The 79-year-old, who usually dictates his Truth Social ramblings to a minion who then posts them, is clearly worried about the affordability crisis as his costly war in Iran rumbles on. He is so worried, in fact, that he has taken to alternative facts.
“If you add the largest Tax and Regulation Cuts in U.S. History, $5000 to $10,000 per family, coupled with falling prices across the board from the Sleepy Joe Biden years, ‘TRUMP’ & THE REPUBLICANS WIN THE AFFORDABILITY WARS by record numbers!” he posted on Truth Social early on Thursday morning.
This statement is strewn with errors and misleading elements. While Trump’s 2017 tax law was one of the largest tax cuts in U.S. history by dollar value, economists and historians differ on whether it was the largest.
Secondly, the “$5,000 to $10,000 per family” bit is a projection rather than a fact.
The “falling prices across the board” element was the weakest of the factual claims. Firstly, prices do not appear to be falling “across the board,” and, as Trump knows, even if inflation slows, that means prices are rising more slowly, not necessarily declining.
The reality is that the American people are paying more for gas, groceries, and utilities, mostly due to the knock-on effect of the war in Iran and specifically the blockade of the Strait of Hormuz.

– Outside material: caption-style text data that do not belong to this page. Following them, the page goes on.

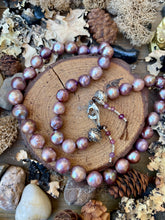 Load image into Gallery viewer, Luminous Natural Purple Edison Pearl Sterling Necklace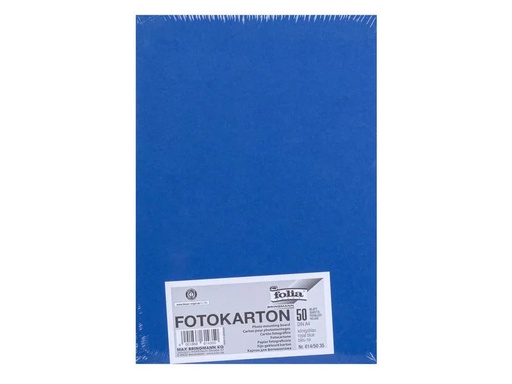 [90038813 1098821] Folia Fotokarton A4 A4, 300 g/m², 50 Blatt, Königsblau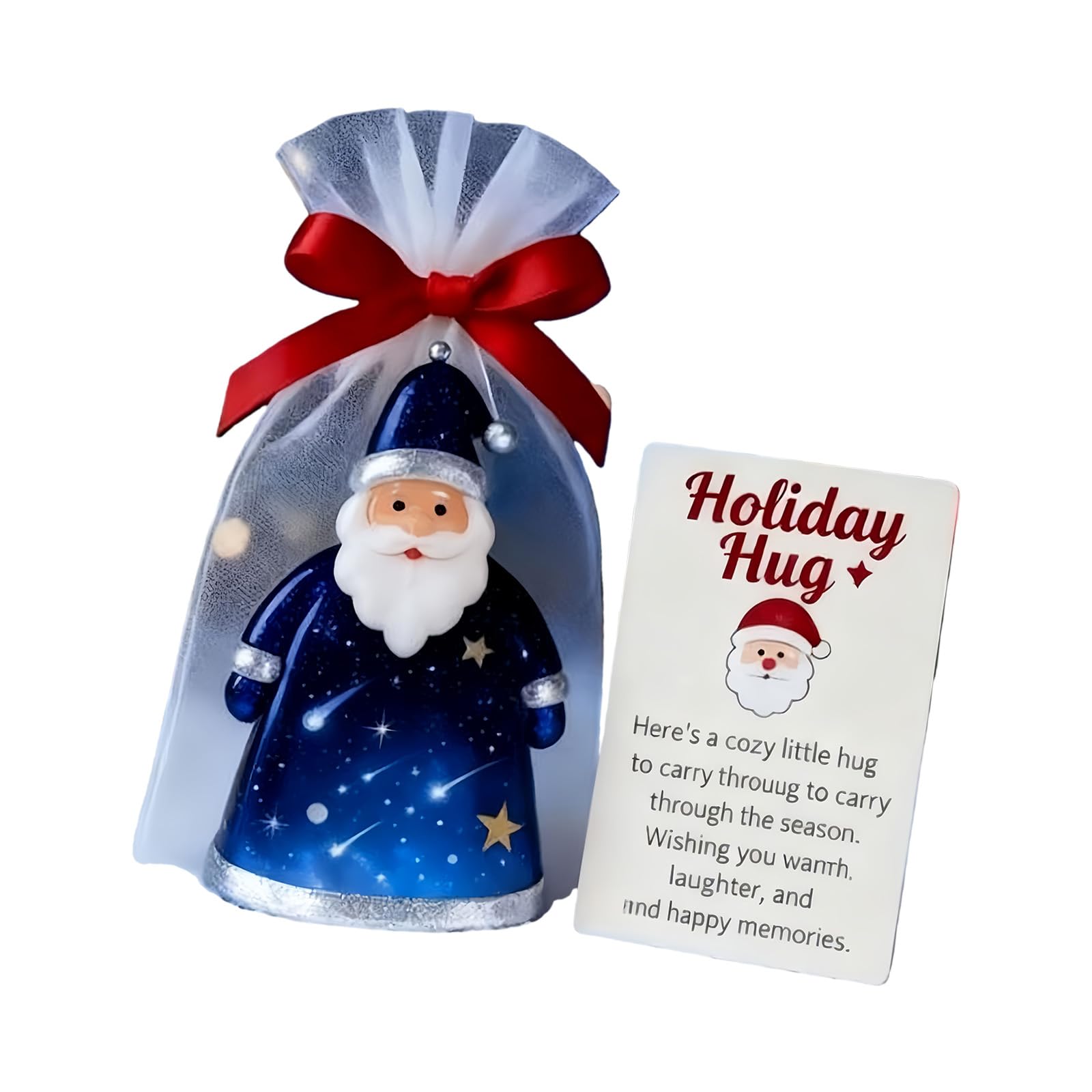Tsophreniq Christmas Party Santa Ornament Recycled Paper Craft Hanging Decoration for Home Festival Atmospheres Christmas Santa Hanging Ornament
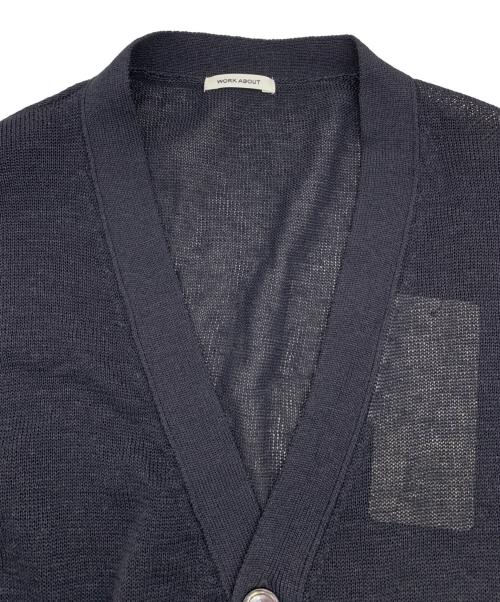 WORK ABOUT（ワーク アバウト）WORK ABOUT (ワーク アバウト) GIMA ニットカーディガン ネイビー サイズ:Lの古着・服飾アイテム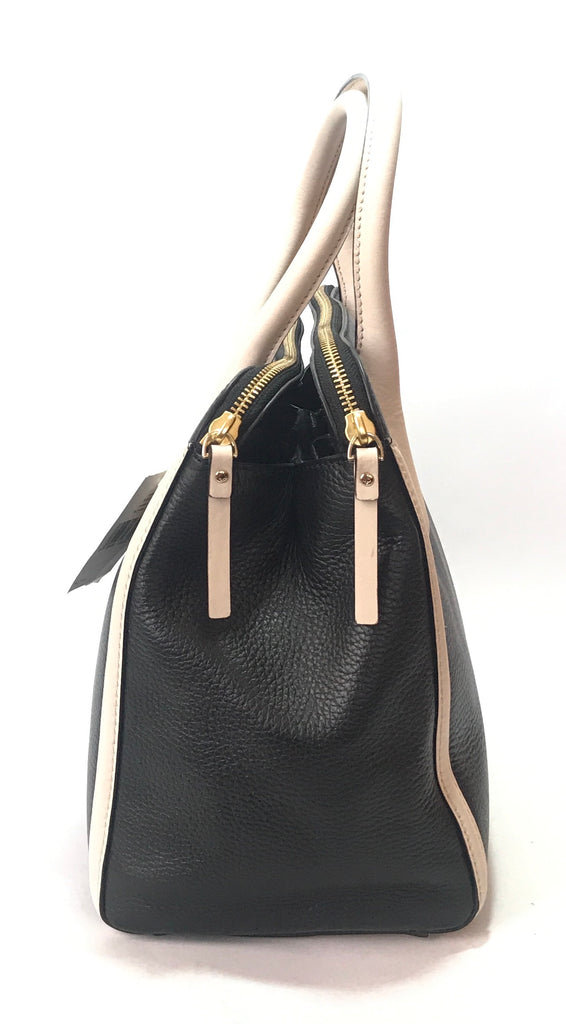 Kate Spade Black 'Duncan Caroline Lane' Leather Tote  | Brand New |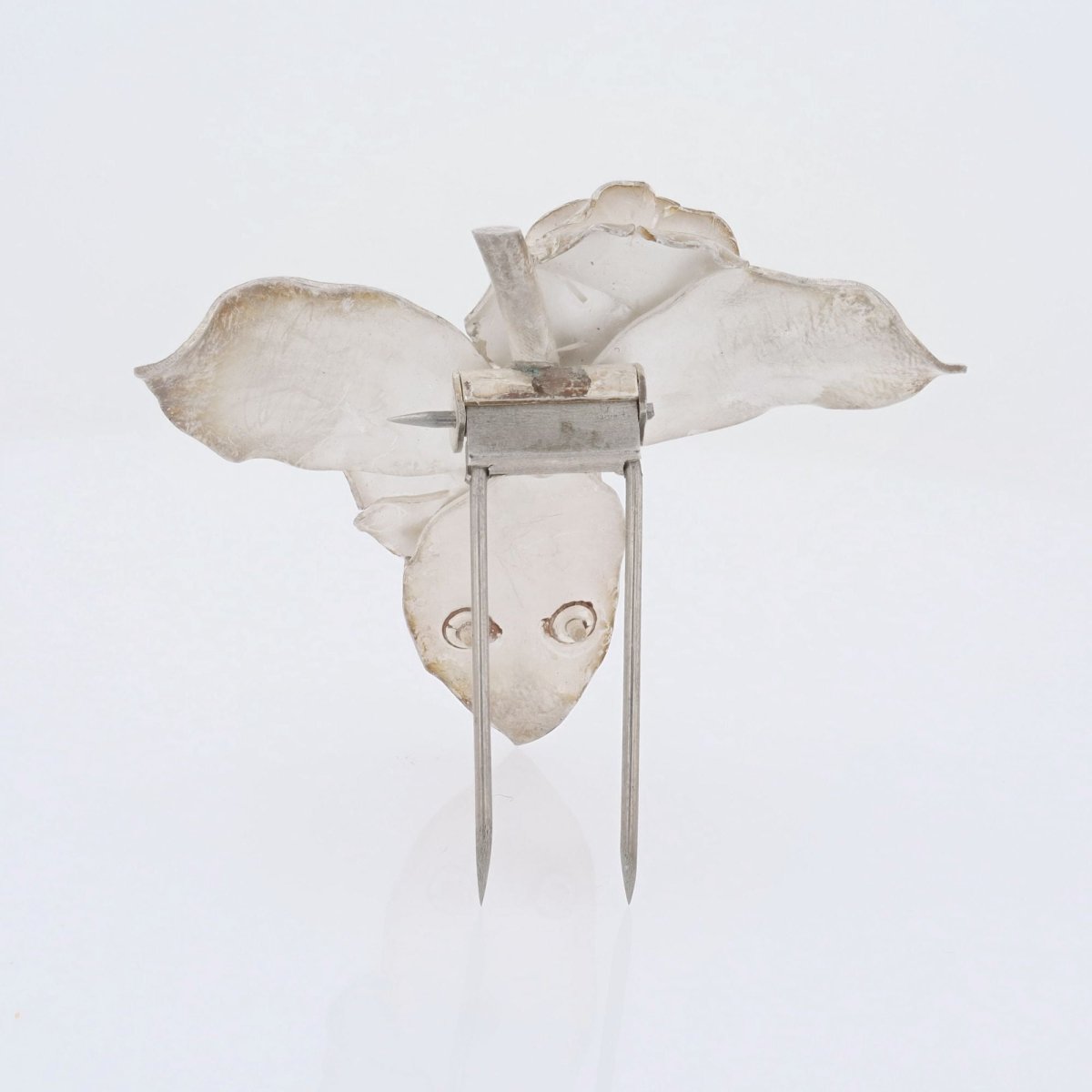 Broche GEORGES RENÉE LECOMTE boutons de rose en argent - Castafiore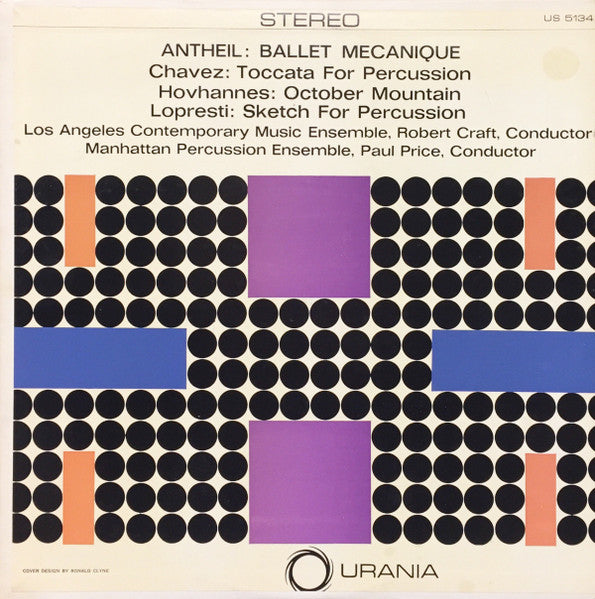 Antheil - Ballet Mecanique / Toccata For Percussion / October Mountain / Sketch For Percussion LP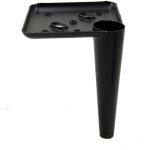 Pied de meuble noir pin 13 cm Pied de meuble noir pin 13 cm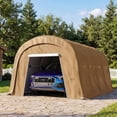 thumbnail image 4 of MOALCOFER 10'x20' Carport,Heavy Duty Car Canopy with Steel Frame,Portable Garage with Waterproof PE Roof, 4 of 7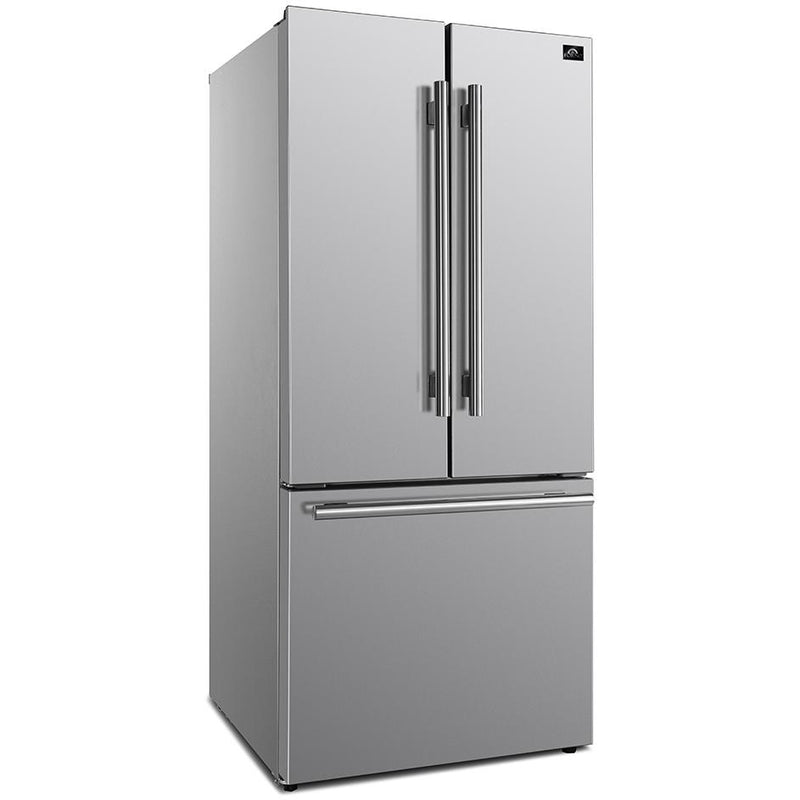 Forno 30-inch, 17.5 cu. ft. Counter-Depth French 3-Door Refrigerator with Interior Ice Maker FFFFD1974-31SB IMAGE 1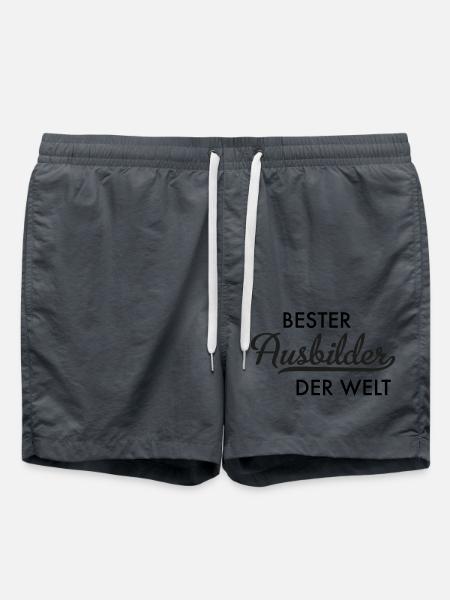 Ausbilder - Badeshorts - Anthrazit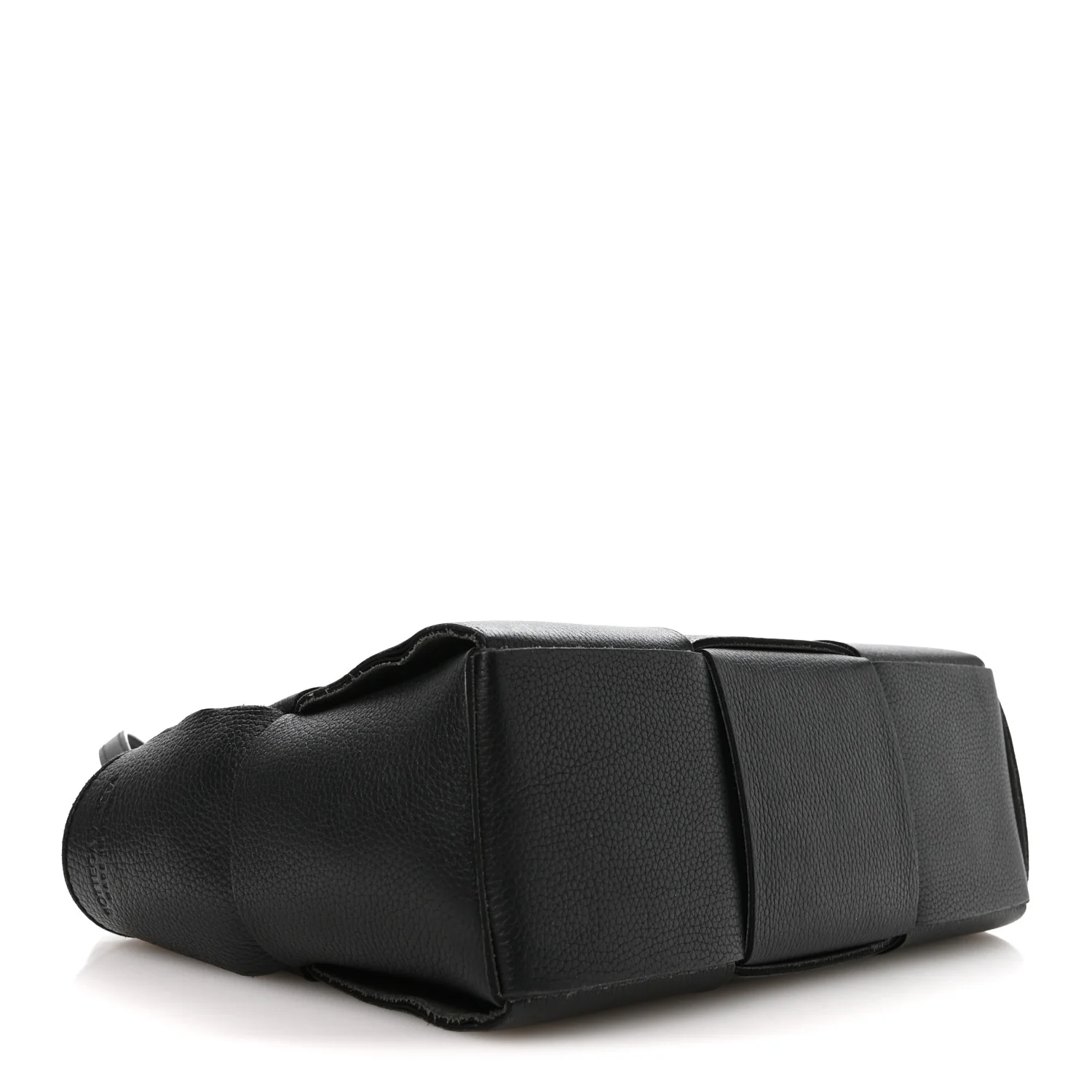 Grained Calfskin Maxi Intrecciato Mini Arco Tote Black - Image 5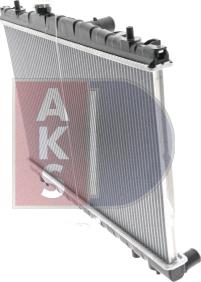 AKS Dasis 510025N - Radiator, mühərrikin soyudulması furqanavto.az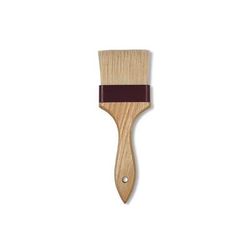 Vollrath 463 3" Pastry Brush - Boar Bristle, Flat, Wood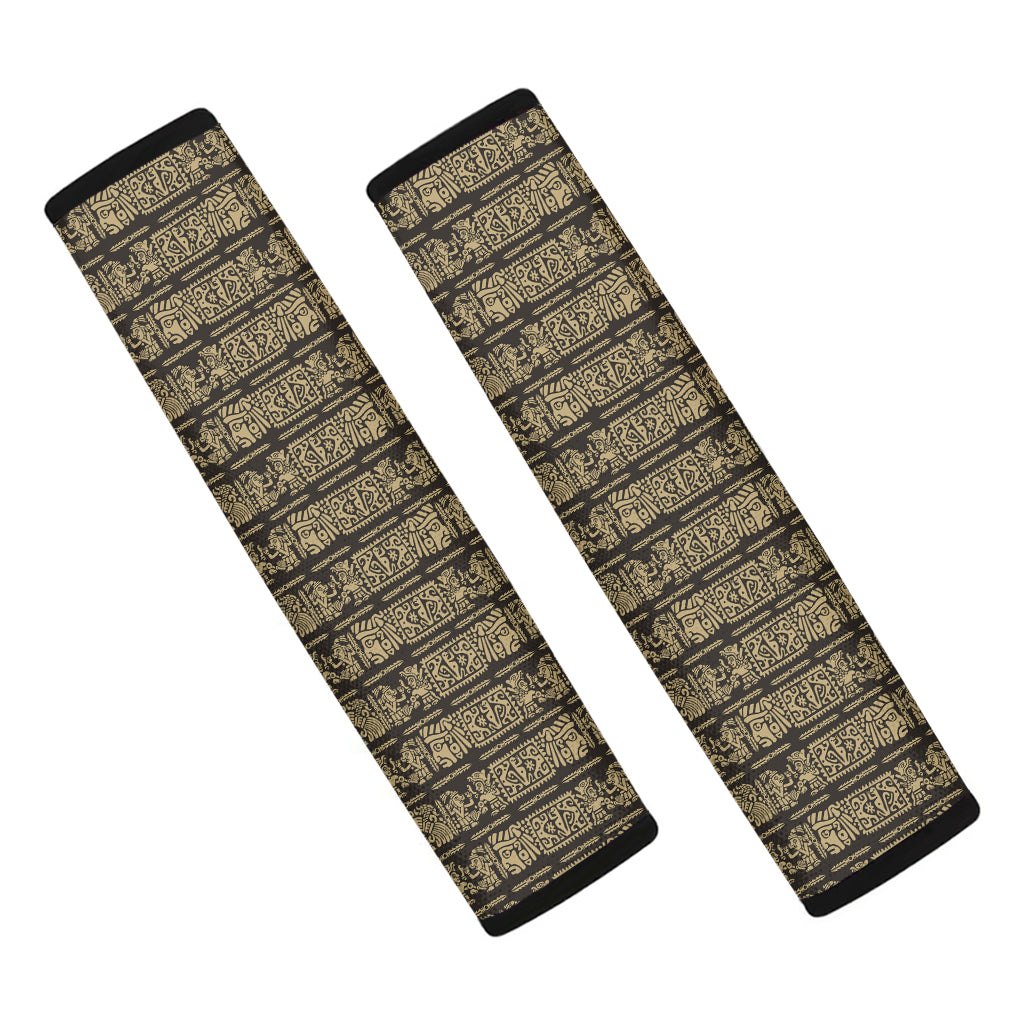 Ancient Maya Pattern Print Car Seat Belt Covers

The Department of Labor’s latest Consumer Price Index (CPI) report showed prices climbed 0.6 percent in April, lifting annual inflation from 3.3 percent to 3.8 percent—the highest year-over-year rate recorded during either of Trump’s terms in office.
The official line from the White House is that the struggle is a necessary, short-term sacrifice.
On Wednesday, during a Senate Finance Committee hearing, Treasury Secretary Scott Bessentcalled inflation under President Trump a “short-term blip.”
But voters aren’t convinced. President Trump’s approval rating on inflation has fallen sharply across three separate polls, highlighting voters’ concerns about an issue that was central to his successful bid to return to the White House.
Surveys from Marquette Law School, The Harris Poll and HarrisX, and The Economist/YouGov found Trump’s net approval rating on inflation at -56, -30, and -48, respectively.
This is bad news heading into the November elections. “I don’t care about the midterms,” Trump claimed last week.
However, a Democratic-controlled Congress in the final two years of his term is surely something he doesn’t want.
According to an Ipsos poll conducted late last month, just 29 percent of Americans approved of Trump’s overall handling of the economy. This is a lower rating than former President Joe Biden received at any point during his inflation-plagued term.
The survey also found that Trump’s overall approval rating had fallen to 36 percent, a level historically associated with significant midterm election losses for the president’s party.